■ EXERCISE PROMPT ■
Your answer should be the lines from the start of the records through the line with "Property building, Day, Neighbourhood, Street", copied word for word.

Scraped caption text data:
• • •

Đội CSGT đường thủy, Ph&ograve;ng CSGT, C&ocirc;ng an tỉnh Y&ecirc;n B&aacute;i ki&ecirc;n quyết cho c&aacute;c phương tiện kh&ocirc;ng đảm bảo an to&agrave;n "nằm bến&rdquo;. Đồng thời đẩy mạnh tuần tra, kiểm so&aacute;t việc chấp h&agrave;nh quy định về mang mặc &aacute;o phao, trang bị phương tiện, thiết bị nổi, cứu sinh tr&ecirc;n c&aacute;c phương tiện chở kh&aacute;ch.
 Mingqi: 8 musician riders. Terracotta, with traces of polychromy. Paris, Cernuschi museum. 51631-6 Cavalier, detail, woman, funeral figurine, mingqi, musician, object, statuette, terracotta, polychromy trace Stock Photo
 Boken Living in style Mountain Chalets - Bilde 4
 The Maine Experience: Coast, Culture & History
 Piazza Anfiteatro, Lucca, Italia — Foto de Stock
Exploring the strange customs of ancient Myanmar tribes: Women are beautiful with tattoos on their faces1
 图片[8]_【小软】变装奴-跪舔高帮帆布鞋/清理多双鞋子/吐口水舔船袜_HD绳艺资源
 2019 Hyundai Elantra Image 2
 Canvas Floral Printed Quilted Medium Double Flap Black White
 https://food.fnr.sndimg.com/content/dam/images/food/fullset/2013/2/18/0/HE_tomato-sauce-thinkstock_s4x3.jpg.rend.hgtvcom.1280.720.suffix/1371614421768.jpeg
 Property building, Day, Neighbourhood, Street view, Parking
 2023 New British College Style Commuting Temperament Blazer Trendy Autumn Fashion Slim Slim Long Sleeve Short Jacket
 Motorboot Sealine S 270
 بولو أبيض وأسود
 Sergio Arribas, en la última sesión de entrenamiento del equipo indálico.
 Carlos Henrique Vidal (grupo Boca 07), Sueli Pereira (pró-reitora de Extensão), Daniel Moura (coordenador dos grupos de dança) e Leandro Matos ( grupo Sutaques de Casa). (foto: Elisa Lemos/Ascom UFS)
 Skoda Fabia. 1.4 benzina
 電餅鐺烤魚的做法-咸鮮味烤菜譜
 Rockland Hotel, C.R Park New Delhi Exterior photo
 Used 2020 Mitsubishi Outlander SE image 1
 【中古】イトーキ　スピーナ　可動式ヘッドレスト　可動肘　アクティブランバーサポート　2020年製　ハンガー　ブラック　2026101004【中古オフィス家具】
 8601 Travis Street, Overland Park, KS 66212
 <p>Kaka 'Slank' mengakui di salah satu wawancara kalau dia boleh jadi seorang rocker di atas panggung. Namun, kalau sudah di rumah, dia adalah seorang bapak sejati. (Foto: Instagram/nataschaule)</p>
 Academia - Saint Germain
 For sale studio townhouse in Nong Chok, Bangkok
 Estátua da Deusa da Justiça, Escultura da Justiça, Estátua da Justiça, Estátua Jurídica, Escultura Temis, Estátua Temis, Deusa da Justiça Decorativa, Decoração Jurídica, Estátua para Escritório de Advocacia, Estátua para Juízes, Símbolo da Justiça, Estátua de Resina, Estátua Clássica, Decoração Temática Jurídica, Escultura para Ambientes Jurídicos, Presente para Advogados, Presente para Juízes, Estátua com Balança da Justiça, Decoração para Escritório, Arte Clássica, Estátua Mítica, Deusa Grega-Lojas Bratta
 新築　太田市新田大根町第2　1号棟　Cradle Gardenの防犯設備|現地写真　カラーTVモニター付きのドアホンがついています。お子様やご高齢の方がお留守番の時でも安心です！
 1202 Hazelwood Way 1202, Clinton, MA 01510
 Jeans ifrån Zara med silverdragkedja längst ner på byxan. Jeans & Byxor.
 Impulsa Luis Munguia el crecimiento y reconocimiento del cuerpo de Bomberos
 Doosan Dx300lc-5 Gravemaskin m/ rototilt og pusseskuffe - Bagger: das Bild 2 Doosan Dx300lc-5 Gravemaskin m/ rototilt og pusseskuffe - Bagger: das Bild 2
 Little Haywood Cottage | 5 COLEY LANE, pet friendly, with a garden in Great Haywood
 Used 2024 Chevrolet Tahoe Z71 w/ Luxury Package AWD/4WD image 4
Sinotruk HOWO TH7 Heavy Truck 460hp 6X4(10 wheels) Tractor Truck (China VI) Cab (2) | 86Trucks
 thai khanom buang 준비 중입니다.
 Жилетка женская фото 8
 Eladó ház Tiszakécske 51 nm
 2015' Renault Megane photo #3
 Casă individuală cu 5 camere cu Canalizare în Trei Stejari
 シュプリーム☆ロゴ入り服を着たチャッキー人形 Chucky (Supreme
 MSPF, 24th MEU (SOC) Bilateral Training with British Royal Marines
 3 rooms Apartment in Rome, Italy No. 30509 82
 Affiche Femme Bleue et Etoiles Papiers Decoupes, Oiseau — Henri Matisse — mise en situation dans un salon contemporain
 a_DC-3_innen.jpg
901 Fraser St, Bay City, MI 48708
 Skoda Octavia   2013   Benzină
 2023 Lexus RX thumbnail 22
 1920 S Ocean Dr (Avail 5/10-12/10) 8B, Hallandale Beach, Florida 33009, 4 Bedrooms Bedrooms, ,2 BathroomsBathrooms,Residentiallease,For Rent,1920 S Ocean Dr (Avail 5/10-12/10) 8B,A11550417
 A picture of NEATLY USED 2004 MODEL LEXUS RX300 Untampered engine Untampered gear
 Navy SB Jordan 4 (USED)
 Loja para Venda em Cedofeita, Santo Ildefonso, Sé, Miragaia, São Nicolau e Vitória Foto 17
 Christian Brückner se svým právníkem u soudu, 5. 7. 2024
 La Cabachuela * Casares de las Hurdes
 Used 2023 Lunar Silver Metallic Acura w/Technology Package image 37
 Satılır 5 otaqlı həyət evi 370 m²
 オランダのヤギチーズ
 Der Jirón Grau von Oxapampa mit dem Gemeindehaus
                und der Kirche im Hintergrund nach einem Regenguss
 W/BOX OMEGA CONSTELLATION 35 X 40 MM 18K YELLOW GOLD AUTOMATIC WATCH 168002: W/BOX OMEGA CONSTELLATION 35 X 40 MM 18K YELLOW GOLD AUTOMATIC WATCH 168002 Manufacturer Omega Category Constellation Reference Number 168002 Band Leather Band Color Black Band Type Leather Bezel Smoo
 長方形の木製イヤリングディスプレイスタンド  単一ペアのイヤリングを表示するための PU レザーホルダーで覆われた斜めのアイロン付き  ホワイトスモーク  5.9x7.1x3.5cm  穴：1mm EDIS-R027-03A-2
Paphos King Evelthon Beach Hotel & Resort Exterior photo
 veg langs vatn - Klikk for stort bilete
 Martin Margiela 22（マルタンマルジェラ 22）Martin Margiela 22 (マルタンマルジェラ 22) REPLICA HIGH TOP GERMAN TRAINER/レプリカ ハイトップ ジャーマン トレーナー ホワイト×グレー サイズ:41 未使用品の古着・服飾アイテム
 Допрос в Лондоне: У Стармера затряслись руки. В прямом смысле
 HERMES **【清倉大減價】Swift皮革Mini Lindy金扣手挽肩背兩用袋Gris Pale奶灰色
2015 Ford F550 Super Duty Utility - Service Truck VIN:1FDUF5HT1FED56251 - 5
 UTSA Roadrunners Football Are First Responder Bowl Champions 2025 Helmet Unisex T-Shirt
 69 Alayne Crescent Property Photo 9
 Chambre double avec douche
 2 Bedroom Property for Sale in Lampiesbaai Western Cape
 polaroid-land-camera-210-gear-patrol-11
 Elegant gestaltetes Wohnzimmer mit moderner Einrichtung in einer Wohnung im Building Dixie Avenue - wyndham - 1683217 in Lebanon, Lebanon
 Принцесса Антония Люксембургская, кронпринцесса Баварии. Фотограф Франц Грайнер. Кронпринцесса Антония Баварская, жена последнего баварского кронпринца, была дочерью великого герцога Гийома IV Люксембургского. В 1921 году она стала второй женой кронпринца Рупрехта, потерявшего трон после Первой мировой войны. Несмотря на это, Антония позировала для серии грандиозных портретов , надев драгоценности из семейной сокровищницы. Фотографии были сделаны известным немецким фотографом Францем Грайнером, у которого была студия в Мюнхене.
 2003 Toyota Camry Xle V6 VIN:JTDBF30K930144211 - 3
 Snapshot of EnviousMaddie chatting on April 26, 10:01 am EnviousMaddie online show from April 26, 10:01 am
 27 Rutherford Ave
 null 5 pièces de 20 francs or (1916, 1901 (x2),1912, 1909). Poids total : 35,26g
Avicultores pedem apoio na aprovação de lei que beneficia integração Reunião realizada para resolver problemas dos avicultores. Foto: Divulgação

• • •

■ COMPLETED TASK ■
Đội CSGT đường thủy, Ph&ograve;ng CSGT, C&ocirc;ng an tỉnh Y&ecirc;n B&aacute;i ki&ecirc;n quyết cho c&aacute;c phương tiện kh&ocirc;ng đảm bảo an to&agrave;n "nằm bến&rdquo;. Đồng thời đẩy mạnh tuần tra, kiểm so&aacute;t việc chấp h&agrave;nh quy định về mang mặc &aacute;o phao, trang bị phương tiện, thiết bị nổi, cứu sinh tr&ecirc;n c&aacute;c phương tiện chở kh&aacute;ch.
 Mingqi: 8 musician riders. Terracotta, with traces of polychromy. Paris, Cernuschi museum. 51631-6 Cavalier, detail, woman, funeral figurine, mingqi, musician, object, statuette, terracotta, polychromy trace Stock Photo
 Boken Living in style Mountain Chalets - Bilde 4
 The Maine Experience: Coast, Culture & History
 Piazza Anfiteatro, Lucca, Italia — Foto de Stock
Exploring the strange customs of ancient Myanmar tribes: Women are beautiful with tattoos on their faces1
 图片[8]_【小软】变装奴-跪舔高帮帆布鞋/清理多双鞋子/吐口水舔船袜_HD绳艺资源
 2019 Hyundai Elantra Image 2
 Canvas Floral Printed Quilted Medium Double Flap Black White
 https://food.fnr.sndimg.com/content/dam/images/food/fullset/2013/2/18/0/HE_tomato-sauce-thinkstock_s4x3.jpg.rend.hgtvcom.1280.720.suffix/1371614421768.jpeg
 Property building, Day, Neighbourhood, Street view, Parking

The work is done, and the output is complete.